Little Tokyo.- A Piece of Japan in New York

New York is a city of cities. Its streets are the result and the sum of immigrants from all corners of the world who wanted to make the American dream a reality. Pieces of China, Italy, Korea, Ukraine, and also Japan, intermingle in Manhattan and the other boroughs of New York City.

Kei Kei works at a small take-away in Little Tokyo that fuses rice and Japanese flavors with the American burger.

Little Tokyo, a dozen blocks or so of the New York East Village, immerses us in Japanese culture through a large number of restaurants and take-away establishments.
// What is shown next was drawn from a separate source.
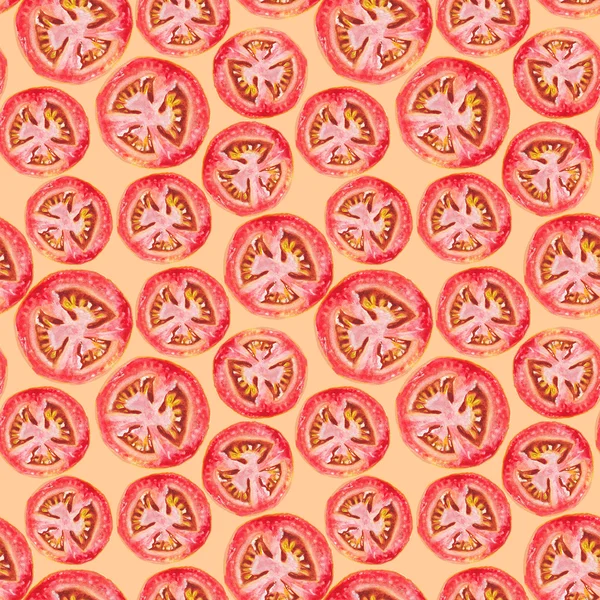 Watercolor tomatoes pattern — Stock Photo, Image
We can also find toy stores, video games, clothing, supermarkets or even hairdressers that could be taken directly from Shibuya. The epicenter is in the triangle that make up Stuyvesant Street, Ninth East and Third Avenue.

The prosperous Japanese economy of the eighties of the last century led to a flow of Japanese businessmen attracted by the Midtown culture of a boiling Manhattan. Some stayed because of to the low rents, and the East Village, little by little, grew with Japanese roots.

According to history, the first establishment was the sushi restaurant Mie. However, the first that really adapted its dishes to the style of the East Village was the Sapporo East, founded in 1983. From then on the growth was exponential, especially in the nineties. Today we can enjoy a complete Japanese experience in the lands sold to Peter Minuit by the Canarsie tribe in the historic trade of 1633.

New York is a city so diverse that even if you come from Mars, from the first day, you can already consider yourself a New Yorker. If you’ve never been before you have seen it through the lens of thousands of films so much that if Bruce Willis shows up with a gun you would not be surprised. There are New Yorkers who never learn English, they do not need it. Advertising and the media are disseminated in multiple languages and in some neighborhoods the Mexican peso is also legal tender. New York City is the capital of the world, making the trends of the West, concentrating the best and the worst of capitalism in one place. A miniature universe made to scale.